The GOP in Johnson County in the Kansas City area is deeply divided over Sheriff Calvin Hayden's investigation for at least two years into what he has called scores of tips about potential election irregularities, with no criminal charges filed so far.
Hayden is in a contentious race ahead of Tuesday's primary election and Democrats are bullish about their chances of winning their first sheriff's race since 1930 in the general election in November.
Hayden's opponents, including the former top deputy challenging him in the GOP primary, contend he has made the sheriff's office unnecessarily political and hindered its crime-fighting.
His public doubts about the integrity of local and state elections track with the rise of like-minded leaders in GOP organizations in Kansas and other states and former President Donald Trump's false narrative that the 2020 presidential election was stolen from him.

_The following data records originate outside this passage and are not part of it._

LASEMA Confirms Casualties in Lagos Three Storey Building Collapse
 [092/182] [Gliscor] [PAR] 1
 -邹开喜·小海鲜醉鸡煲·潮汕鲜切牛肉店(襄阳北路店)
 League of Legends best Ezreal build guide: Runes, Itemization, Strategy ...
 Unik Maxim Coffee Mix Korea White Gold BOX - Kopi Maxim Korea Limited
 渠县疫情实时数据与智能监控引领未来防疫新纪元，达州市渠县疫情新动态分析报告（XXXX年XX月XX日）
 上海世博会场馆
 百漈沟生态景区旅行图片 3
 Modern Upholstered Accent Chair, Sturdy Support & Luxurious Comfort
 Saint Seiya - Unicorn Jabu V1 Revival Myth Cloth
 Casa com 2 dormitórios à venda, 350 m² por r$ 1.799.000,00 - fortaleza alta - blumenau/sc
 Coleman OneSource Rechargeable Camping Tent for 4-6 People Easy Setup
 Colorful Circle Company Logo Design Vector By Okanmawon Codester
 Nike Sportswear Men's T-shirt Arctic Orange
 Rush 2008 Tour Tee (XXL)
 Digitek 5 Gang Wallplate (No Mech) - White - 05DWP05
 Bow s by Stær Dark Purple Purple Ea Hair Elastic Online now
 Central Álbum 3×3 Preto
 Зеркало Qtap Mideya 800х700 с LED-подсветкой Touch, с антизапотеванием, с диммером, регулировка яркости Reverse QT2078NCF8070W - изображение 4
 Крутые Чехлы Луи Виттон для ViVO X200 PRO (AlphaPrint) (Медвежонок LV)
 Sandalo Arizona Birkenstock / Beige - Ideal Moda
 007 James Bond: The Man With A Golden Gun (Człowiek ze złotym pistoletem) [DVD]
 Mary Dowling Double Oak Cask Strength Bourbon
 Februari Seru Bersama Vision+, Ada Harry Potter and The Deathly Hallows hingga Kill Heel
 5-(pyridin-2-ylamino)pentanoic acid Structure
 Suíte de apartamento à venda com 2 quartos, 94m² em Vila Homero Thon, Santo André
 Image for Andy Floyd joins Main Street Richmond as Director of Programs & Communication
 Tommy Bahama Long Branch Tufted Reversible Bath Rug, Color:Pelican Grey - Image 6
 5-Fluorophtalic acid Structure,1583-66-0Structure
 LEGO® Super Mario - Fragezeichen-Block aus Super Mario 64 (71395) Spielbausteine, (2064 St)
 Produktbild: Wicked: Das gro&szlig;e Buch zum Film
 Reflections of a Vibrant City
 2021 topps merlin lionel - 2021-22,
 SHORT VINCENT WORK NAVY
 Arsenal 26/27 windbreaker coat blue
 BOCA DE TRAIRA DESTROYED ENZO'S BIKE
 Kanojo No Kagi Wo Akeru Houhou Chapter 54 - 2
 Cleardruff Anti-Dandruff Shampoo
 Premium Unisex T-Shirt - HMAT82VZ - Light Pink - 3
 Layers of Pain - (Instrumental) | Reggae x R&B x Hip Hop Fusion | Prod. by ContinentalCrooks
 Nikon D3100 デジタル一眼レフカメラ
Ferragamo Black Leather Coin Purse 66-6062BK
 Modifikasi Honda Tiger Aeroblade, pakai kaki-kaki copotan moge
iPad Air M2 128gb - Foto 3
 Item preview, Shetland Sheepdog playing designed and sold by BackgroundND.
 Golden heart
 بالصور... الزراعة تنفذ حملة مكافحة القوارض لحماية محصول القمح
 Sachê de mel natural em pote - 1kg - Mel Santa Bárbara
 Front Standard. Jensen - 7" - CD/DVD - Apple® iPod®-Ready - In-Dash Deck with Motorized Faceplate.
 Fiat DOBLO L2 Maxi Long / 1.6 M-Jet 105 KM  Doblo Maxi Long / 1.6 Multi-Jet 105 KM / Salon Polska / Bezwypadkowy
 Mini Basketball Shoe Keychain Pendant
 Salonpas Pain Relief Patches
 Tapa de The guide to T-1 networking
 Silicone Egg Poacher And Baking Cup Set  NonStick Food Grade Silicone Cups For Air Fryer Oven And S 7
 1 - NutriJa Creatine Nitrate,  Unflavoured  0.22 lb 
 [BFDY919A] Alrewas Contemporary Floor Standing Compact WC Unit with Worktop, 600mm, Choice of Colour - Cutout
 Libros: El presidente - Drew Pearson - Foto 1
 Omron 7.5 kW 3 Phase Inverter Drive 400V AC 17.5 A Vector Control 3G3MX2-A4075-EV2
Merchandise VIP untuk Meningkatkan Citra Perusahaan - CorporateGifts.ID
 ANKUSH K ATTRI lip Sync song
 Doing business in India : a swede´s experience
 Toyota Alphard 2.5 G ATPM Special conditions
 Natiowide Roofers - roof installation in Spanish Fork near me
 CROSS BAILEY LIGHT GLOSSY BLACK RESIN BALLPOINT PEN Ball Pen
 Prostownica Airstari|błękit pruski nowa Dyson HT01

But local Republican leaders who looked into allegations of election fraud in 2020 say evidence of wrongdoing was scant.
Marisel Walston, the previous chair of the county GOP and co-founder a statewide group for Hispanic Republicans, said she and other local party officers investigated allegations of election fraud after the 2020 election. While they discovered some mistakes and administrative missteps, they did not find any fraud, she said.
Hayden remains undeterred. Asked in a candidate forum whether he trusted the 2020 election results, he noted the official tally from his uncontested race was more than 260,000 votes but added, ''I don't know that that's accurate."